■ What you have to do ■
Your response should contain exactly the lines running from the one with "Starbucks Las Vegas" to the end of the data below, both included, and no pictures.

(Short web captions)
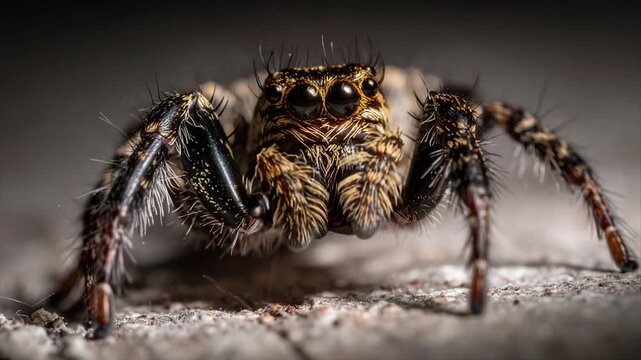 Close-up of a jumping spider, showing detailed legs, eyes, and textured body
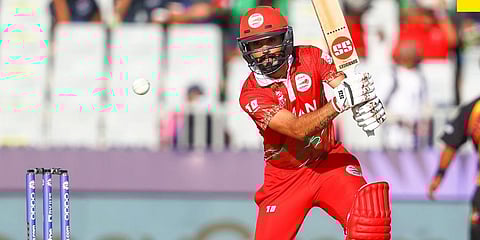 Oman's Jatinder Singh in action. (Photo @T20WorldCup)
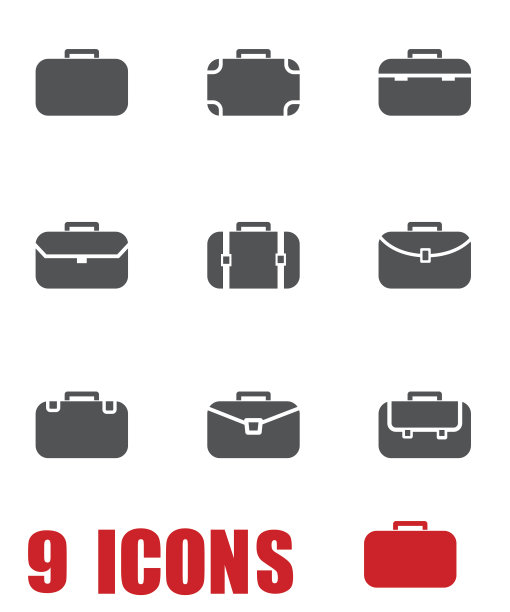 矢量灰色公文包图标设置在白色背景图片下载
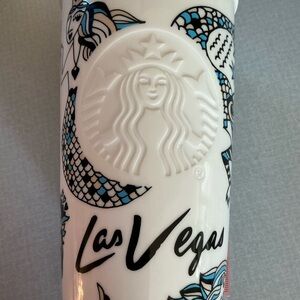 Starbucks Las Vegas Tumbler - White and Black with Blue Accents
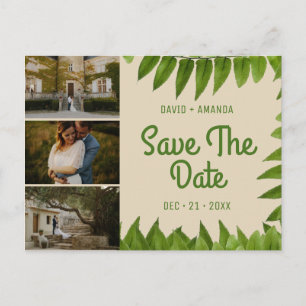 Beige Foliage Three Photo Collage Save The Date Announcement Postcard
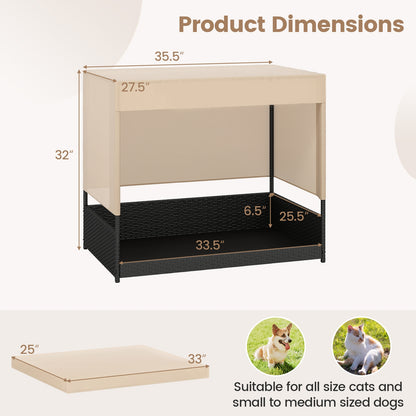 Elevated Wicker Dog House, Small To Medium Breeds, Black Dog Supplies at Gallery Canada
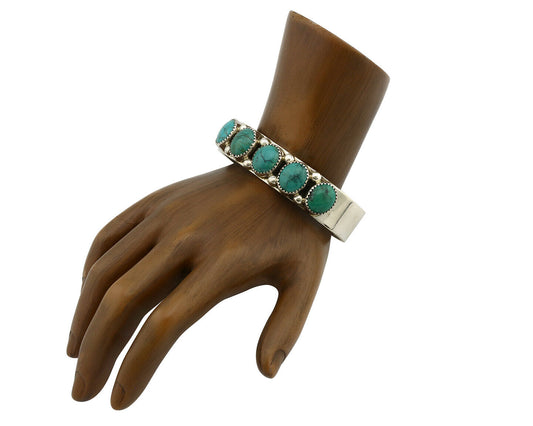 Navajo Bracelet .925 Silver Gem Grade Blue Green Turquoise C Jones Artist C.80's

■ Output ■
 Starbucks Las Vegas Tumbler - White and Black with Blue Accents
 Beige Foliage Three Photo Collage Save The Date Announcement Postcard
 Elevated Wicker Dog House, Small To Medium Breeds, Black Dog Supplies at Gallery Canada
 Navajo Bracelet .925 Silver Gem Grade Blue Green Turquoise C Jones Artist C.80's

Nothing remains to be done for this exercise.